O papel da duplicata eletrônica
Nos últimos anos, a empresa passou a atuar também no registro e na validação de recebíveis usados em operações de crédito.
Esse movimento ganhou força com a regulamentação da duplicata eletrônica pelo Banco Central, um sistema que registra digitalmente títulos usados em transações comerciais.
A Nexxera registra os dados dessas operações e valida as informações que serão usadas pelos bancos.
Segundo Silva, isso permite que os recebíveis sejam usados como garantia em operações de crédito.
“A duplicata eletrônica transforma o recebível em um ativo validado e seguro”, afirma.
Novos produtos para pequenas empresas
Além das soluções usadas por grandes companhias, a Nexxera também passou a lançar produtos voltados a pequenos negócios.
Um exemplo é o Nick, aplicativo que permite ao lojista acompanhar vendas realizadas por cartão de crédito.
O sistema mostra quando os valores serão recebidos e permite antecipar parte desses recursos apenas nos dias em que a empresa precisa de dinheiro em caixa.
A ideia é reduzir o uso constante da antecipação de recebíveis, que costuma gerar custos financeiros para os pequenos negócios.
Crescimento e próximos passos
A Nexxera registrou R$ 89 milhões de faturamento em 2023. O número passou para R$ 102 milhões em 2024 e chegou a R$ 180 milhões em 2025, crescimento de 76%.
O volume de transações processadas pela empresa também aumentou. Em 2024, as plataformas movimentaram cerca de R$ 7 trilhões. Em 2025, o total chegou a R$ 10 trilhões.
Para 2026, a empresa pretende ampliar a base de contratos.

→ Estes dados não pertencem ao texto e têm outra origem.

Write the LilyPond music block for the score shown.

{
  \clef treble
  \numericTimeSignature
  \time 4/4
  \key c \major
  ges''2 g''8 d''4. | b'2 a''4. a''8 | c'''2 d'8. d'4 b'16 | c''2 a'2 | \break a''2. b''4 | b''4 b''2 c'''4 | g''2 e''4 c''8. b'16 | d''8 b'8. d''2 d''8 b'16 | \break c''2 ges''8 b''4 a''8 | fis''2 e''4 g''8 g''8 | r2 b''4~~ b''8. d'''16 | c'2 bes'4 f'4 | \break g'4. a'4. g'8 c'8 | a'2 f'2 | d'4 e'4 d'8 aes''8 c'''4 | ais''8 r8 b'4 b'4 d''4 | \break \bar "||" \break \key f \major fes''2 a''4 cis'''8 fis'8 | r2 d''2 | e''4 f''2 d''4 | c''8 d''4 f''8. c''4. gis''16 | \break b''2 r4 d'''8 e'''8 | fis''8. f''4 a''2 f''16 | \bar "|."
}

A projeção é passar de 12.000 contratos para cerca de 24.000, com a expansão de parcerias e novos canais de distribuição.
Ao mesmo tempo, a companhia busca aumentar o uso das ferramentas entre as empresas que já estão conectadas à rede.
Hoje apenas cerca de 1% da base de 1,2 milhão de empresas paga diretamente pelos serviços.
“Temos uma rede muito grande conectada e ainda pouco monetizada. O crescimento agora passa por ampliar o uso dessas ferramentas”, diz Silva.